▶ **WORK INSTRUCTION**
Print exactly the lines of the listing below from the one containing "SCAC-certificate" through the final line, both included, and no pictures.

____

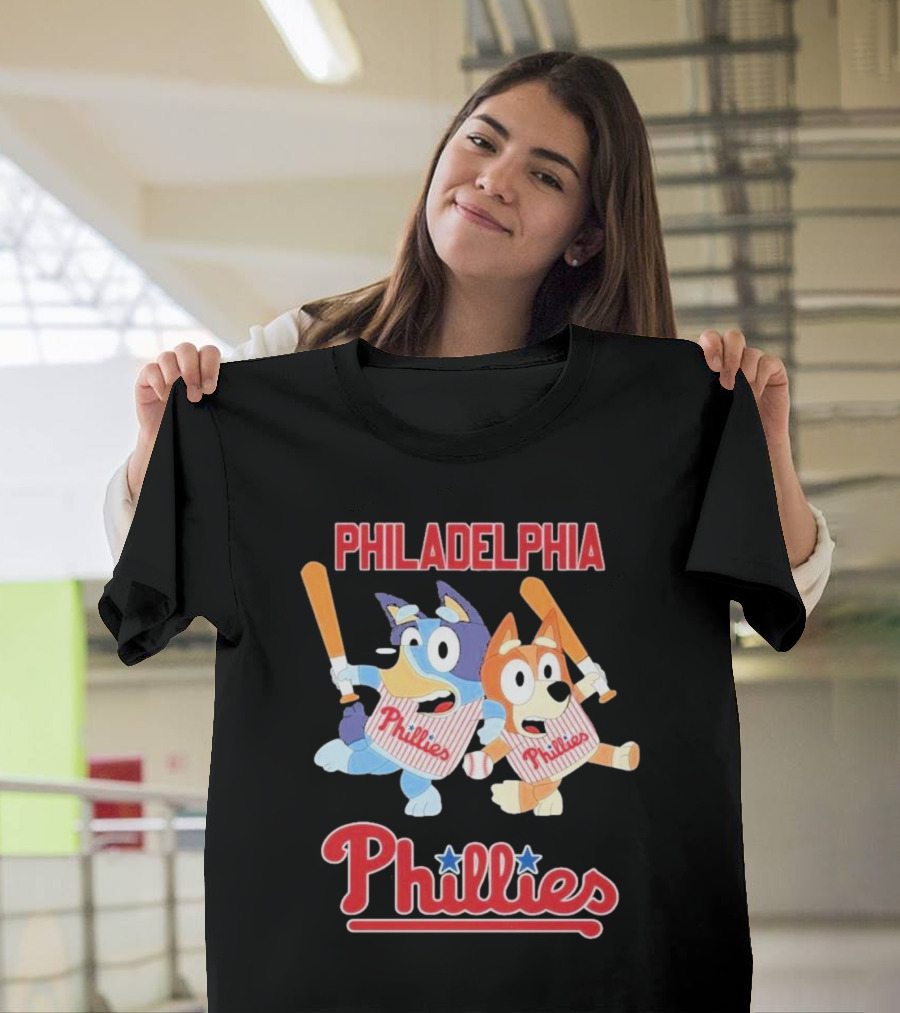 Philadelphia Phillies Bluey Cartoon Characters Baseball Theme T-Shirt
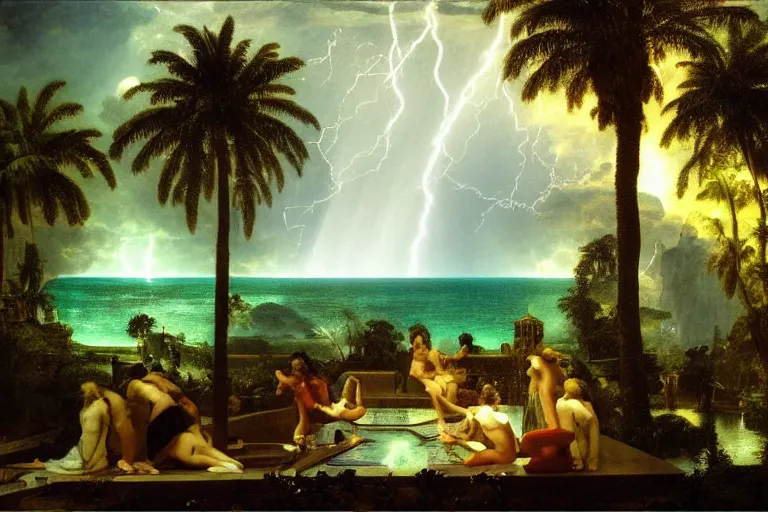 Image similar to Palace of the chalice, refracted sparkles, thunderstorm, greek pool, beach and Tropical vegetation on the background major arcana sky, by paul delaroche, hyperrealistic 4k uhd, award-winning, very detailed paradise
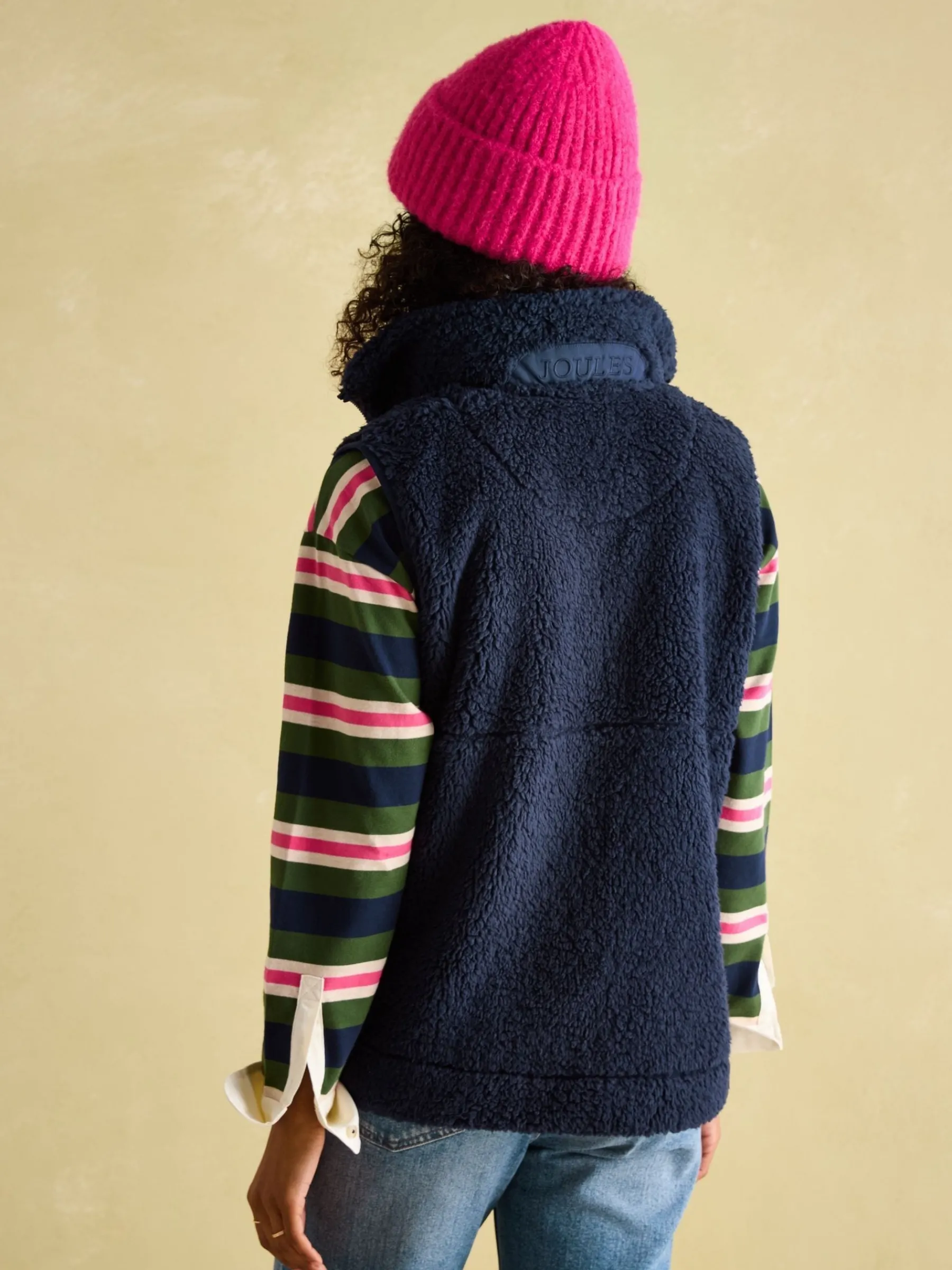 Mallory Navy blue Fleece Gilet<Joules Best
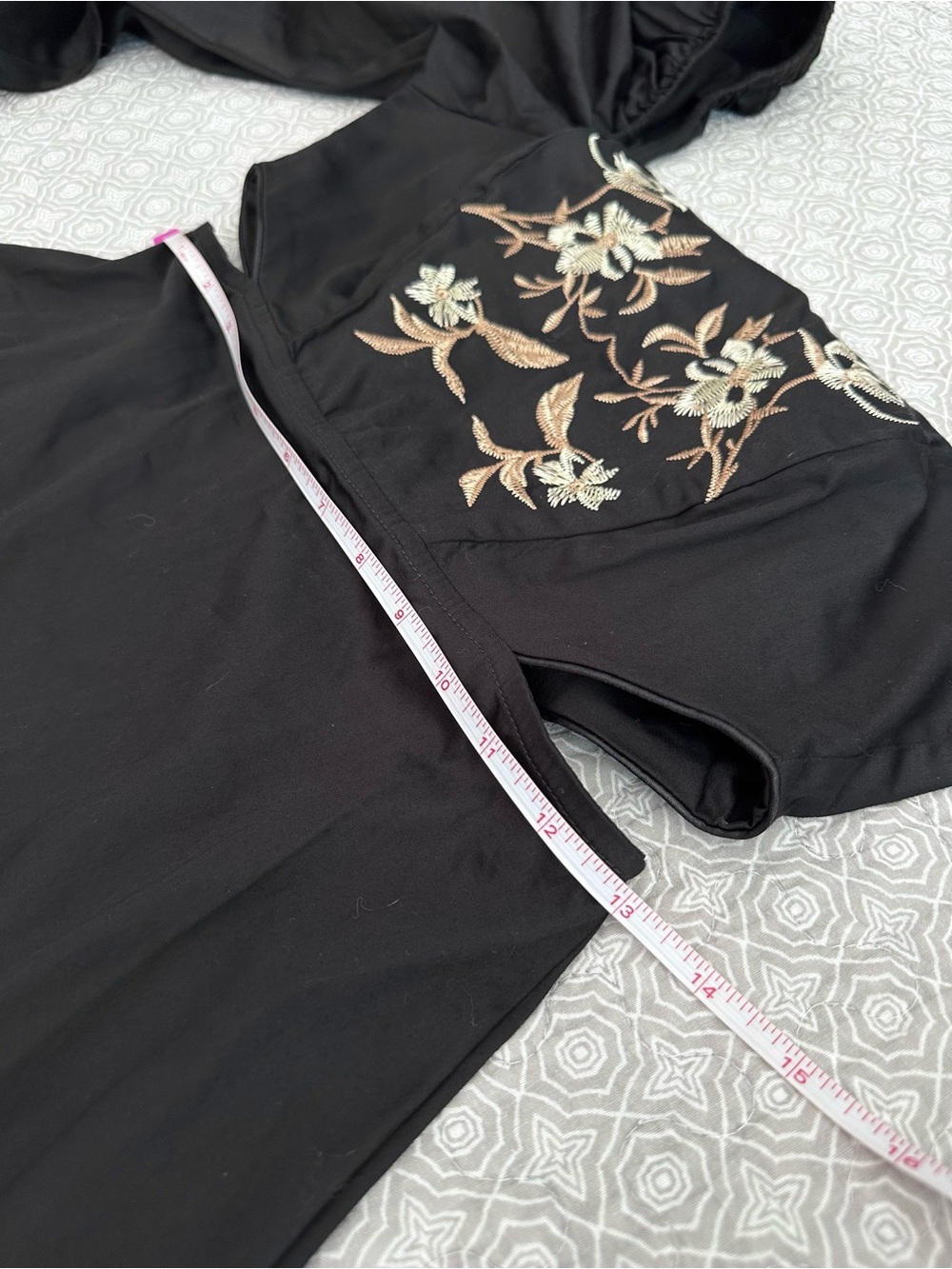Especia Black Embroidered Cut Out Maxi Dress Puff Long Sleeves Anthropologie XS - Picture 13 of 16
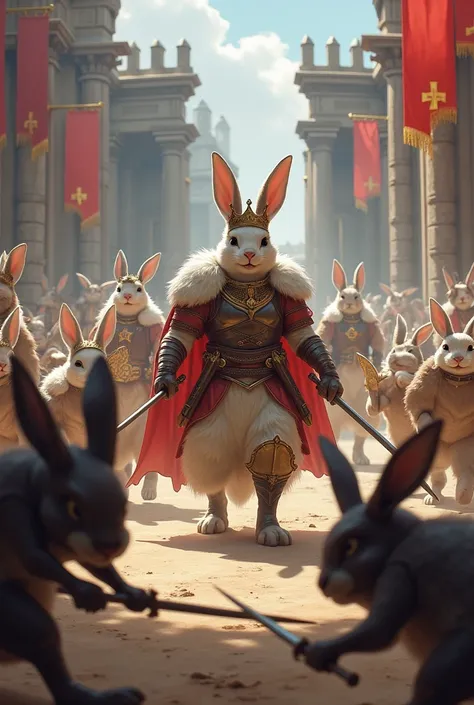 warrior rabbits king full are fighting in the arena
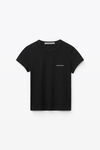alexander wang shrunken tee in high twist jersey    black
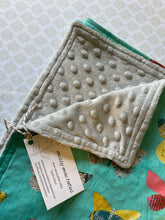 Load image into Gallery viewer, Blue Butterfly Cotton and Minky blanket

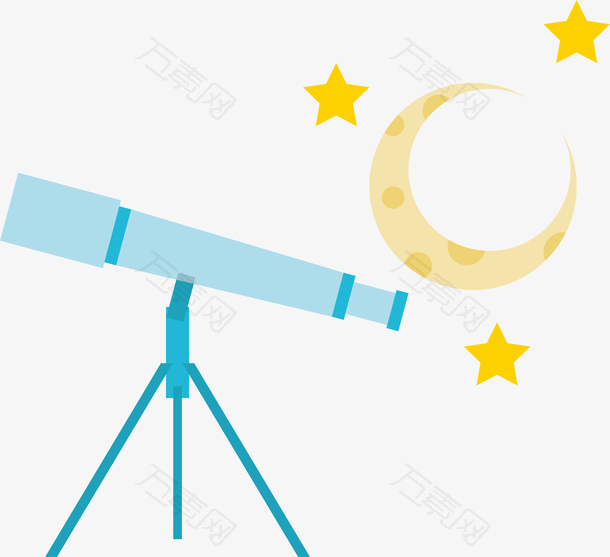 望远镜星星世界航空日卡通航天素
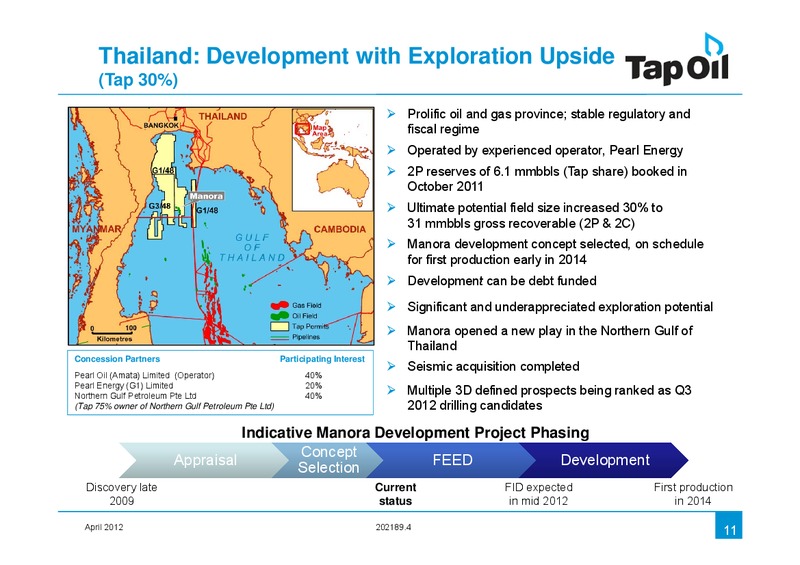 April 2012 Investor Presentation – Tap Oil – slide 10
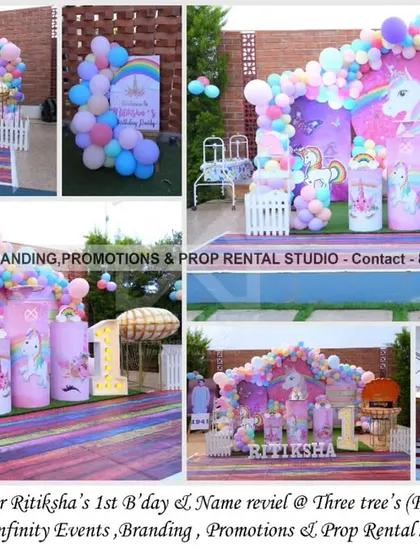A magical unicorn theme for Ritiksha's first birthday and name reveal ceremony at Three Trees. This large-scale outdoor setup features a pastel rainbow balloon arch, unicorn cutouts, themed pedestals, and a beautiful seating arrangement, creating a whimsical wonderland.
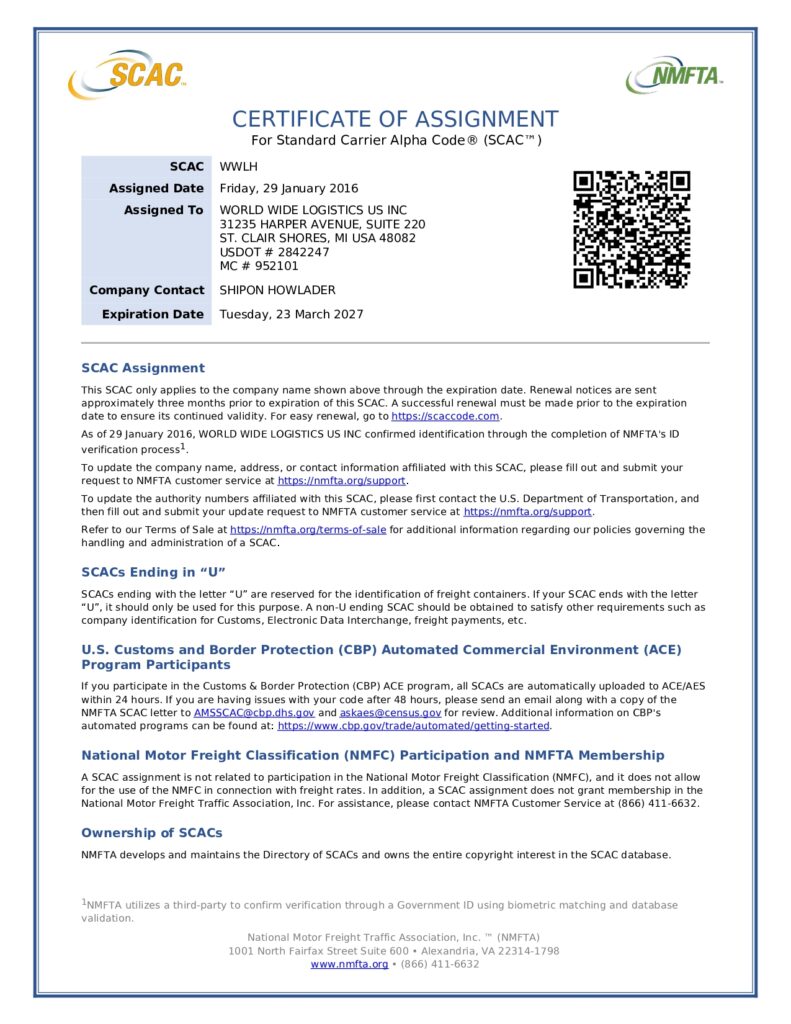 SCAC-certificate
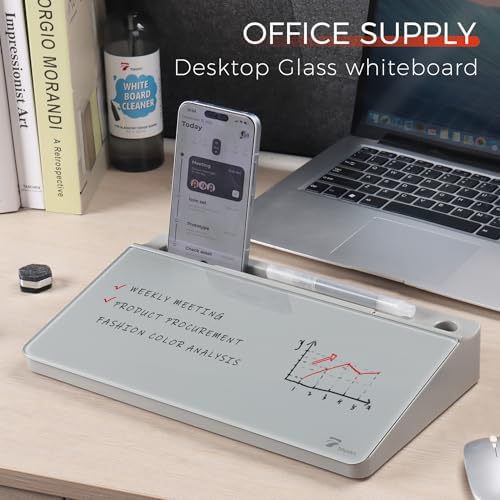 TOWON Compact Glass Desktop Whiteboard with Storage 12x7 in, Gray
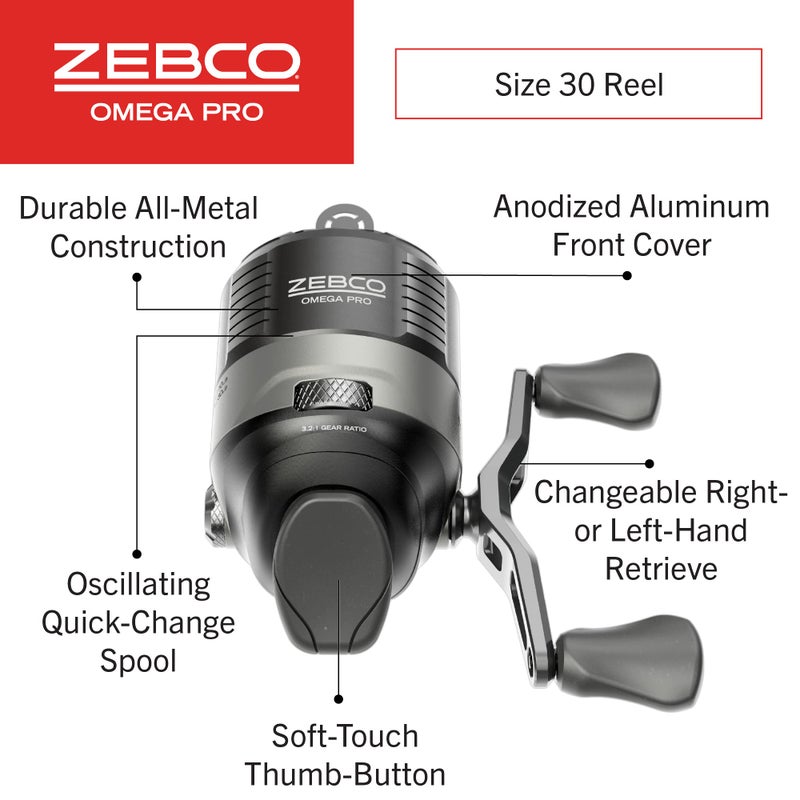Zebco Omega Pro Spincast Fishing Reel, Size 30 Reel, Dual Ceramic Pick-up Pins, Solid-Brass Pinion Gear, GlideLine ll Line Retrieval System, Pre-Spooled with 10-Pound Fishing Line, Braid Ready, Black - Image 2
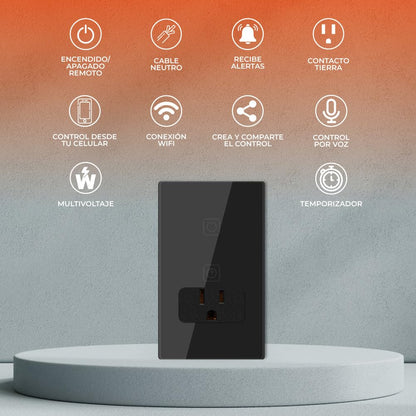 Tecnolite Connect - Apagador con Contacto Inteligente WiFi 1 Botón Táctil y 1 Enchufe, Cable Neutro, Compatible con App móvil, Alexa, Google y Siri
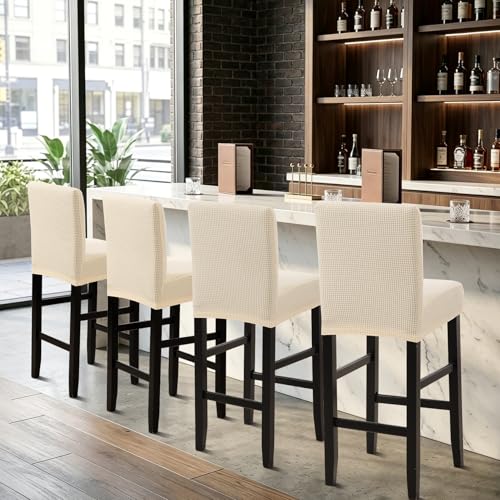 Image of YISUN Waterproof Bar Stool Covers, Stretch Barstool Slipcovers with Backs, Removable Washable Pub Tall Chair Slipcover, Counter Chair Seat Protector Cover, Jacquard Beige 4 Pack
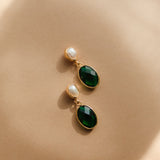 MISA EMERALD ONYX AND PEARL OVAL MINI DROPS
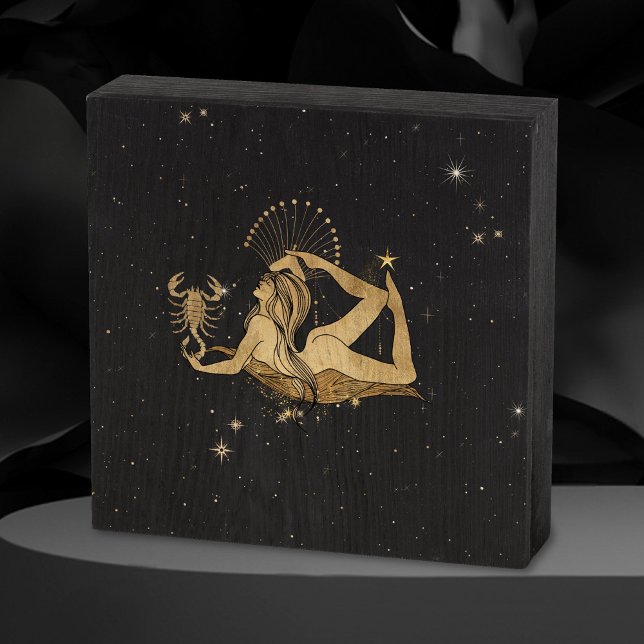 Zodiac Goddess | Cosmic Gold Scorpio Astrology Wooden Box Sign (Creator Uploaded)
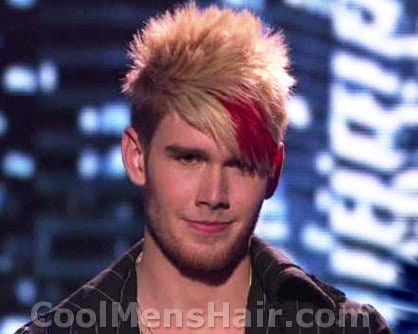 Image of Colton Dixon hair with red patch.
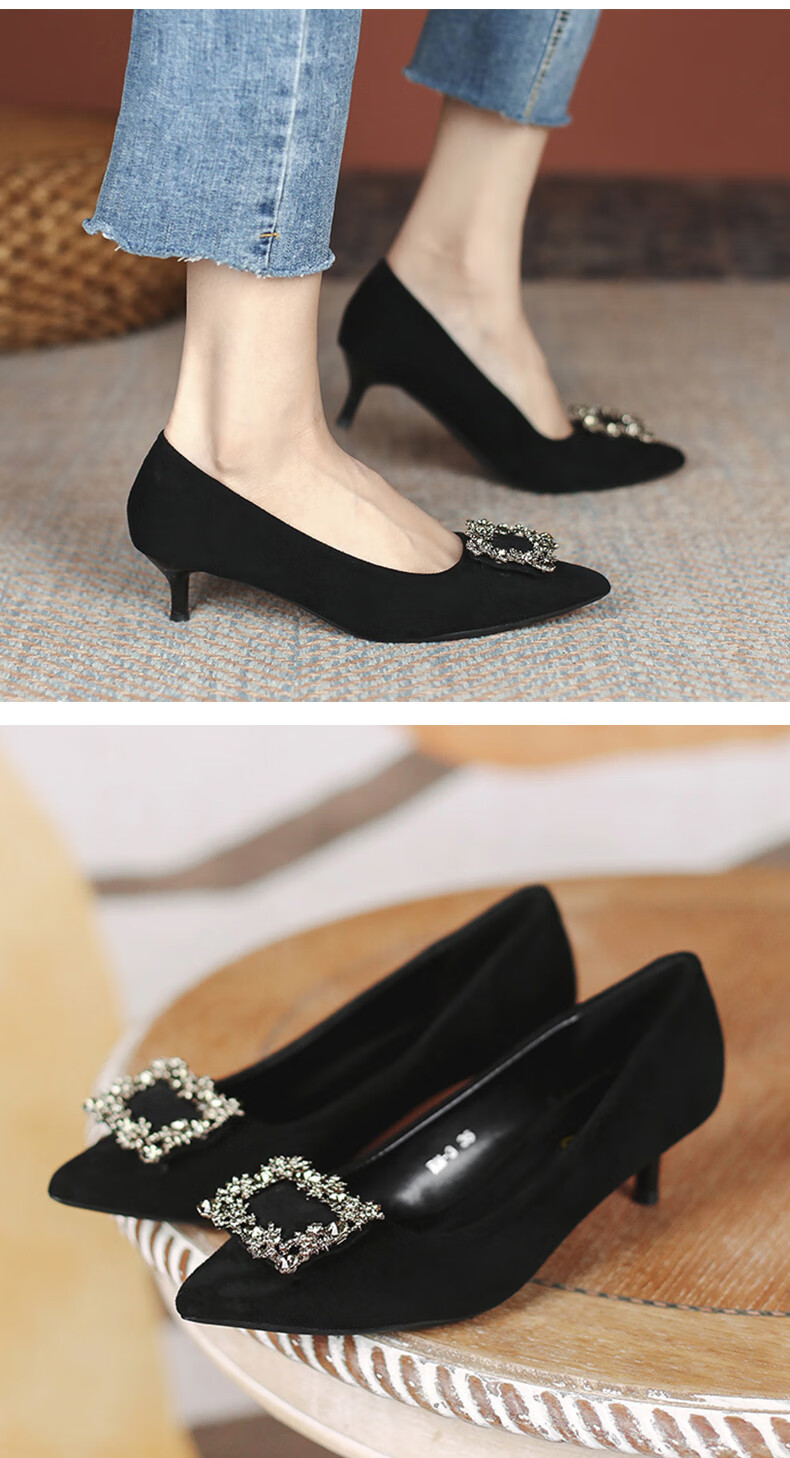 CARTELO Rhinestone Pointed Toe Pumps with Snowflake Buckle, KCC-6688 Black (3cm), Size 38 7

____

▶ **RESPONSE**
 SCAC-certificate
 TOWON Compact Glass Desktop Whiteboard with Storage 12x7 in, Gray
Zebco Omega Pro Spincast Fishing Reel, Size 30 Reel, Dual Ceramic Pick-up Pins, Solid-Brass Pinion Gear, GlideLine ll Line Retrieval System, Pre-Spooled with 10-Pound Fishing Line, Braid Ready, Black - Image 2
 Tecnolite Connect - Apagador con Contacto Inteligente WiFi 1 Botón Táctil y 1 Enchufe, Cable Neutro, Compatible con App móvil, Alexa, Google y Siri
 Image of YISUN Waterproof Bar Stool Covers, Stretch Barstool Slipcovers with Backs, Removable Washable Pub Tall Chair Slipcover, Counter Chair Seat Protector Cover, Jacquard Beige 4 Pack
 MISA EMERALD ONYX AND PEARL OVAL MINI DROPS
 Zodiac Goddess | Cosmic Gold Scorpio Astrology Wooden Box Sign (Creator Uploaded)
 Image of Colton Dixon hair with red patch.
 CARTELO Rhinestone Pointed Toe Pumps with Snowflake Buckle, KCC-6688 Black (3cm), Size 38 7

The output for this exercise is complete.